If our senses are engaged so intrinsically when interacting with our devices—and these technologies so embedded in everyday experience—then the feeling of interacting with them necessarily becomes political. Making haptic technology widely available has the potential to open a political space within the everyday in which feeling is not coded in individual bodies—is instead formed in sync between them—and which furthers our understanding that what is formed within the ether has material, felt consequences.

[1] Levinas, E. (1989), “Ethics as First Philosophy,” The Levinas Reader, Oxford: Oxford University Press, p. 79.

[2] Levinas, E. (1969), Totality and Infinity: An Essay on Exteriority, trans. A Lingis, Pittsburgh PA: Duquesne University Press, pp. 257-8.

[3] Sartre, Jean-Paul (1966) Being and Nothingness: A Phenomenological Essay on Ontology, trans. H.E. Barnes, New York: Washington Square Press, 506-7.

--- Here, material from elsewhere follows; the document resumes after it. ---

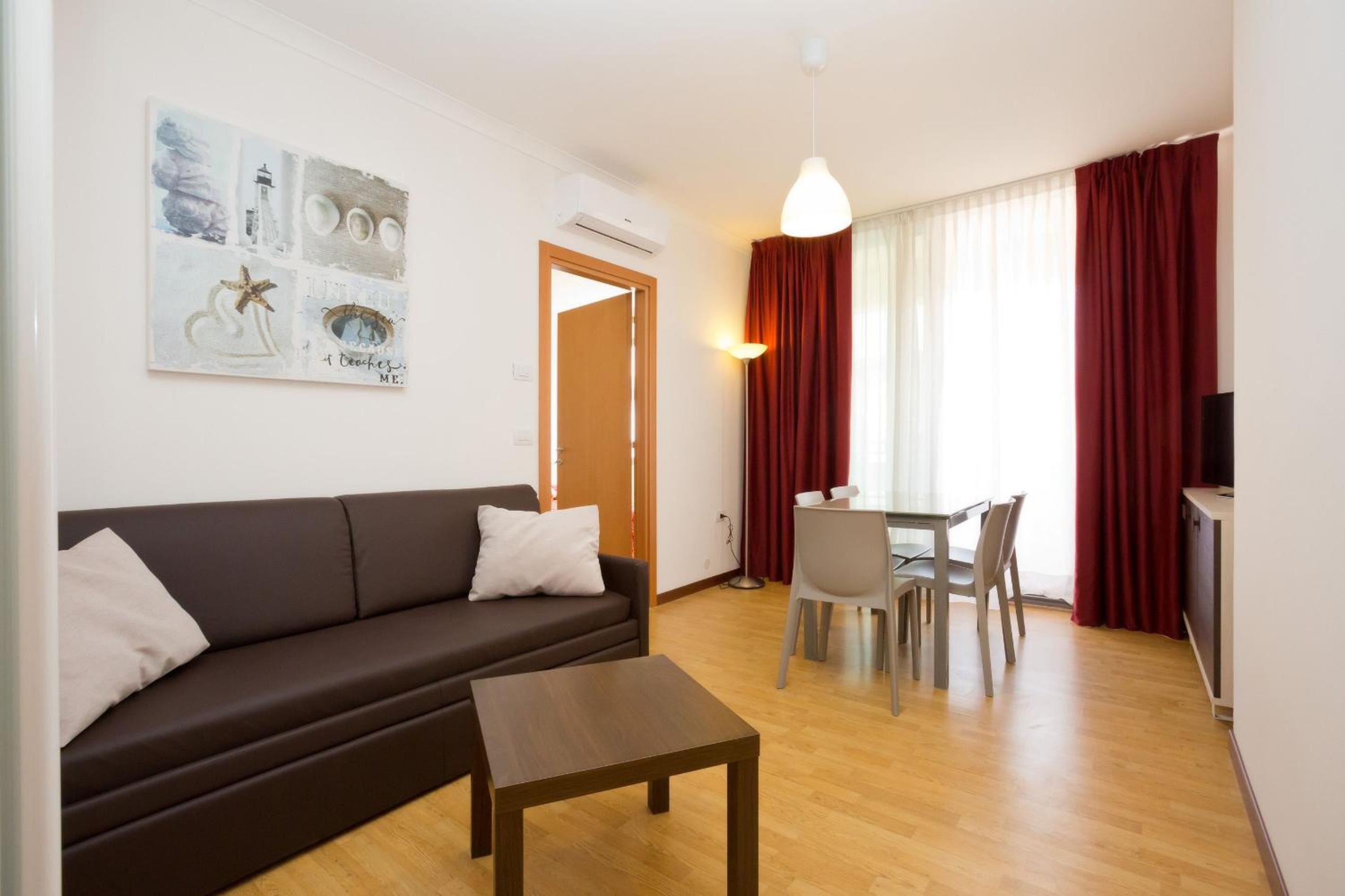 Apartment with Balcony photo 1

[4] Levinas, E. (1969), Totality and Infinity: An Essay on Exteriority, trans. A Lingis, Pittsburgh PA: Duquesne University Press, pp. 116

[5] “IPhone 6s: 3D Touch.” 2015. Accessed 2015.

[6] “IPhone 6s: 3D Touch.” 2015. Accessed 2015.

[7] Hannaford, B. “Feeling is Believing: A History of Telerobotics,” in K. Goldberg (ed.) The Robot in the Garden: Telerobotics and Telepistemology in the Age of the Internet, London: MIT Press, p 274

[8] “IPhone 6s: 3D Touch.” 2015. Accessed 2015.

[9] Marks, Laura. “Introduction.” In Touch: Sensuous Theory and Multisensory Media. Minneapolis, MN: University of Minnesota Press, 2002, p. xvi.